● WORK REQUIRED
From the records below, set down exactly the lines starting with the line that contains "girl in baggy pants crop top and long hair" and going on through the line that contains "Nike ACG Solid". Nothing else is wanted.
--- RECORDS FOR THIS EXERCISE Enclosed Below ---
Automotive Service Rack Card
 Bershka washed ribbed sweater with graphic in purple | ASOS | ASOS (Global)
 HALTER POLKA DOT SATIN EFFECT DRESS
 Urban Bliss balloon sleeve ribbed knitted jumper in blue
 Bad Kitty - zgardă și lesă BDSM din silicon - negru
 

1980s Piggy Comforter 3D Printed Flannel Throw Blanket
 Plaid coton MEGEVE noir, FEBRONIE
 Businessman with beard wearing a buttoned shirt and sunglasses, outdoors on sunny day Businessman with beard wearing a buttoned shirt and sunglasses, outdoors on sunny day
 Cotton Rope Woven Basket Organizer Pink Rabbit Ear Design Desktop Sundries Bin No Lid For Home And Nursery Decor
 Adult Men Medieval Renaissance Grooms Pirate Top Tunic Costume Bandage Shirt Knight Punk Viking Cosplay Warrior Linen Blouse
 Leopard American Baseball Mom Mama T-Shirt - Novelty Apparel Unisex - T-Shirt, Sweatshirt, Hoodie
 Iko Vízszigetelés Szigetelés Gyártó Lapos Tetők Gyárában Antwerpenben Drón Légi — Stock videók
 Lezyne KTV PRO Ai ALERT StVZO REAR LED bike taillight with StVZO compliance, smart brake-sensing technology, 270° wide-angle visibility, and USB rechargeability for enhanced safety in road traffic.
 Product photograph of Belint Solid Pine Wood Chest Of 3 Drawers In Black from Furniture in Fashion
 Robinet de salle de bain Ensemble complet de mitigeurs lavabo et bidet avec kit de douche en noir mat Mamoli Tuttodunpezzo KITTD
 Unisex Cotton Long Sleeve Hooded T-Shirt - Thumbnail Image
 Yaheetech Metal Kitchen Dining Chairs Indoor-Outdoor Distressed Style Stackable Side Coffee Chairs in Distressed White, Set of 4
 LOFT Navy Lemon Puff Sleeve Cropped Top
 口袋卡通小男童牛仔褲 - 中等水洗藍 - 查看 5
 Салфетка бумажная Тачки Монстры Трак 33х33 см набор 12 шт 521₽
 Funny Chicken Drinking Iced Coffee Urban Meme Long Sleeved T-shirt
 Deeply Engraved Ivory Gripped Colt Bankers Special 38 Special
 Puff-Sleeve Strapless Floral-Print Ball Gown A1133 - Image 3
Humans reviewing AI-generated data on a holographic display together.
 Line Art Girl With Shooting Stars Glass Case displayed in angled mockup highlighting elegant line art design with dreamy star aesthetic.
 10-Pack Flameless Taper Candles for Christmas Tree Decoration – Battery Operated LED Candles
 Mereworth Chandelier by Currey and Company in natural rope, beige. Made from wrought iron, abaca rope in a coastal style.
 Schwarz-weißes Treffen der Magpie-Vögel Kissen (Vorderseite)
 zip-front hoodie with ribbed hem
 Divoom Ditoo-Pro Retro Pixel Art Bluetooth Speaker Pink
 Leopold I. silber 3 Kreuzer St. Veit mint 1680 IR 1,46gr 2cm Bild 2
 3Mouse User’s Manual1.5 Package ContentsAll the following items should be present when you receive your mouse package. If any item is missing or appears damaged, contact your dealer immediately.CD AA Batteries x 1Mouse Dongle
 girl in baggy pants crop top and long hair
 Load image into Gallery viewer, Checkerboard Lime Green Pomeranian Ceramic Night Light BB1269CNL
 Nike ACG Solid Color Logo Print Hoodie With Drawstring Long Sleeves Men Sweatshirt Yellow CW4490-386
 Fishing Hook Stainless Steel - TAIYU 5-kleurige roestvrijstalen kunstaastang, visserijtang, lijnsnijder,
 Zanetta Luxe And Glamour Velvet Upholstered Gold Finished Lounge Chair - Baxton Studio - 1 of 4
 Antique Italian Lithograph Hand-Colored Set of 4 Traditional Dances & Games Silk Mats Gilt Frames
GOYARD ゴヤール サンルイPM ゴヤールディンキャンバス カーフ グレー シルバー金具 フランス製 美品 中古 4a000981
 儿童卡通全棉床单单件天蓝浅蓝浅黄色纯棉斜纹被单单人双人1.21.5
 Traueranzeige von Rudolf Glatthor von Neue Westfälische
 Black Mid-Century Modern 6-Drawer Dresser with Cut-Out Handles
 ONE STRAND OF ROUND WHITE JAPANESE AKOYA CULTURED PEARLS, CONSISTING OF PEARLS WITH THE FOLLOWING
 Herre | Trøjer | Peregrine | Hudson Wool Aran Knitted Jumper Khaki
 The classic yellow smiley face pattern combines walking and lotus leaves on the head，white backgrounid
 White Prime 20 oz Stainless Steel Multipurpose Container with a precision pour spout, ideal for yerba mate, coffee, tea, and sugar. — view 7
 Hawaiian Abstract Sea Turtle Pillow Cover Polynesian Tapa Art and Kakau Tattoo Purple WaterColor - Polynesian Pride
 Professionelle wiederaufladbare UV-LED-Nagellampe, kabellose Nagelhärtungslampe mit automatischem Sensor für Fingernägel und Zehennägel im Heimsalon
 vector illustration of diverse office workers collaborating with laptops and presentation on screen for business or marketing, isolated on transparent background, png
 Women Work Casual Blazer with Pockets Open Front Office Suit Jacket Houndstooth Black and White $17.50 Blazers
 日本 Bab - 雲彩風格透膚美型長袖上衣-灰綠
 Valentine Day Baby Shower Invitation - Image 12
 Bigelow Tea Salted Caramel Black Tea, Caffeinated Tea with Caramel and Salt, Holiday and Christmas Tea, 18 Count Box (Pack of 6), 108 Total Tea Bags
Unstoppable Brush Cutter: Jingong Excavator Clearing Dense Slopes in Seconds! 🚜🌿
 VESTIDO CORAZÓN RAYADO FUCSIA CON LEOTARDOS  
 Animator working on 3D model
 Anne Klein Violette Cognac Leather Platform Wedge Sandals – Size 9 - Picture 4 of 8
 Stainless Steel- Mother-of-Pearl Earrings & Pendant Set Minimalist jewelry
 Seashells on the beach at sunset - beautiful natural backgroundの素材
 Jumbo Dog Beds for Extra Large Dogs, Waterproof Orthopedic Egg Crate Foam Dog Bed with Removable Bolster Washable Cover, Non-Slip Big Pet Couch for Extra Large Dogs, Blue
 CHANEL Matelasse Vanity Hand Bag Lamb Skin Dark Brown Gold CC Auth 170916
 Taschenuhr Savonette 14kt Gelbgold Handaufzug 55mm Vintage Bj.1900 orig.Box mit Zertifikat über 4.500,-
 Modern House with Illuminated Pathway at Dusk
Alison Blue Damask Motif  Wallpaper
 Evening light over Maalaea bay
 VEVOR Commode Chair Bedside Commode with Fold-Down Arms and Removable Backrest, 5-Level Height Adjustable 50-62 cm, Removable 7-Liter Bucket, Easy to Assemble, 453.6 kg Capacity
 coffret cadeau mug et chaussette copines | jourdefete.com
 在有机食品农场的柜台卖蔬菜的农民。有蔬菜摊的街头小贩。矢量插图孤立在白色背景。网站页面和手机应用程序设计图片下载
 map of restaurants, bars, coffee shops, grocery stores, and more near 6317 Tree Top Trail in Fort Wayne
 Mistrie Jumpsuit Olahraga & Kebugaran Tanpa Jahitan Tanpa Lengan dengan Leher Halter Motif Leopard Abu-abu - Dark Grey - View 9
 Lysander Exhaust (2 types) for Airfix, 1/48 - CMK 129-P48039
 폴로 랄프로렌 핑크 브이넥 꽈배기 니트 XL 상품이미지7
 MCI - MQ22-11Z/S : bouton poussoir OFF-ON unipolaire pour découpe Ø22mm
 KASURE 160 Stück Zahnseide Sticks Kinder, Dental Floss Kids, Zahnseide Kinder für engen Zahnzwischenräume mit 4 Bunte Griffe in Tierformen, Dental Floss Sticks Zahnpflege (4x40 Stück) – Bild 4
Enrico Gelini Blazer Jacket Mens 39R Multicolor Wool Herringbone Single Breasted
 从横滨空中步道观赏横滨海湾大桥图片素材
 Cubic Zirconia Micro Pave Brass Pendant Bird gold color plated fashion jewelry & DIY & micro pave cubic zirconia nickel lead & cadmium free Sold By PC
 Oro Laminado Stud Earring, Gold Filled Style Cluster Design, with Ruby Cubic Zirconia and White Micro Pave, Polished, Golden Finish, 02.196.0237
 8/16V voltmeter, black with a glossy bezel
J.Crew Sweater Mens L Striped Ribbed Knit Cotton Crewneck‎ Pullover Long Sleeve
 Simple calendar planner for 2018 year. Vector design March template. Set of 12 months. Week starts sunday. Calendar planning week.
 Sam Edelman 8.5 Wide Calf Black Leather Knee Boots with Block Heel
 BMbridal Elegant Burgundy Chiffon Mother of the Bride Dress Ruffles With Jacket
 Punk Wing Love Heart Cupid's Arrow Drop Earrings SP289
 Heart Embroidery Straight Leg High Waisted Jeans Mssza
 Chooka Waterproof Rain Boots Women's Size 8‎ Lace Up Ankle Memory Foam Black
--- End of Enclosed RECORDS FOR THIS EXERCISE ---
● EXPECTED ANSWER
 girl in baggy pants crop top and long hair
 Load image into Gallery viewer, Checkerboard Lime Green Pomeranian Ceramic Night Light BB1269CNL
 Nike ACG Solid Color Logo Print Hoodie With Drawstring Long Sleeves Men Sweatshirt Yellow CW4490-386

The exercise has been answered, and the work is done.